Use the provided script to preprocess depth maps for DAVIS (similar scripts can be adapted for other datasets):

python preprocess_depth_davis.py --root_path /path/to/davis

Configure Dataset Paths

Edit configs/options.py and configs/options_decoder.py to set dataset paths:

root_path_re10k: str = "/path/to/re10k"
root_path_co3d: str = "/path/to/co3d"
root_path_davis: str = "/path/to/davis"
root_path_vos: str = "/path/to/youtube-vos"

Training

Configure Accelerate

Create an accelerate config file (or use the provided acc_configs/gpu8.yaml):

accelerate config

Stage 1: Train Static Encoder

Train the static encoder on combined datasets:

accelerate launch --config_file acc_configs/gpu8.yaml train.py combined \
    --workspace /path/to/workspace/encoder_exp

Stage 2: Train Dynamic Decoder

After Stage 1 completes, train the dynamic decoder with the frozen encoder:

accelerate launch --config_file acc_configs/gpu8.yaml train_decoder.py combined \
    --workspace /path/to/workspace/decoder_exp \
    --encoder_path /path/to/workspace/encoder_exp/model.safetensors

Monitoring Training

Training progress is logged to Weights & Biases.
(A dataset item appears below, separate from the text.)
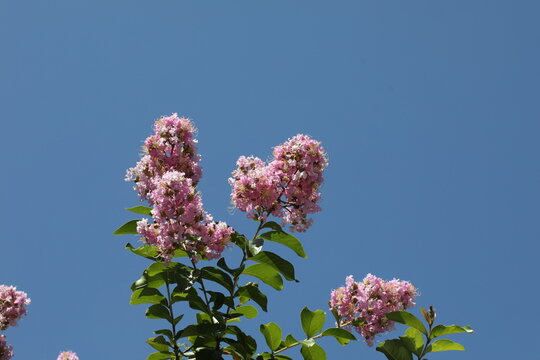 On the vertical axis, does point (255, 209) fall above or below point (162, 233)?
above

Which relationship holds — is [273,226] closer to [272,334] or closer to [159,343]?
[272,334]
Set up wandb before training:

wandb login

Checkpoints are saved every 10 epochs and every 30 minutes to checkpoint_latest/.

Inference

Download our pretrained checkpoint at Google Drive and place it in the checkpoints/ directory:

python splat_inference.py \
    --resume checkpoints/streamsplat.safetensors \
    --input_frames_path=/path/to/rgb_frames \
    --input_depths_path=/path/to/depth_maps

Citation

If you find this work useful, please cite:

@article{wu2025streamsplat,
    title={StreamSplat: Towards Online Dynamic 3D Reconstruction from Uncalibrated Video Streams}, 
    author={Zike Wu and Qi Yan and Xuanyu Yi and Lele Wang and Renjie Liao},
    journal={arXiv preprint arXiv:2506.08862},
    year={2025},
}

Acknowledgments

This project builds upon several excellent works:

3D Gaussian Splatting for the differentiable rasterization
diff-gaussian-rasterization for the depth & alpha rendering
DINOv2 for vision features
Depth Anything V2 for monocular depth estimation
Gamba and MVGamba for the codebase and training framework
Nutworld for orthographic rasterization
edm for data augmentation

Project details

Release history Release notifications | RSS feed

0.1.4

Mar 9, 2026

0.1.3

Mar 6, 2026

0.1.2

Mar 6, 2026

0.1.1

Mar 6, 2026

This version

0.1.0

Mar 4, 2026

Download files

Download the file for your platform. If you're not sure which to choose, learn more about installing packages.

Source Distribution

streamsplat-0.1.0.tar.gz (94.6 kB view details)

Uploaded Mar 4, 2026 Source

Built Distribution

If you're not sure about the file name format, learn more about wheel file names.

The dropdown lists show the available interpreters, ABIs, and platforms. Enable javascript to be able to filter the list of wheel files.

streamsplat-0.1.0-py3-none-any.whl (126.5 kB view details)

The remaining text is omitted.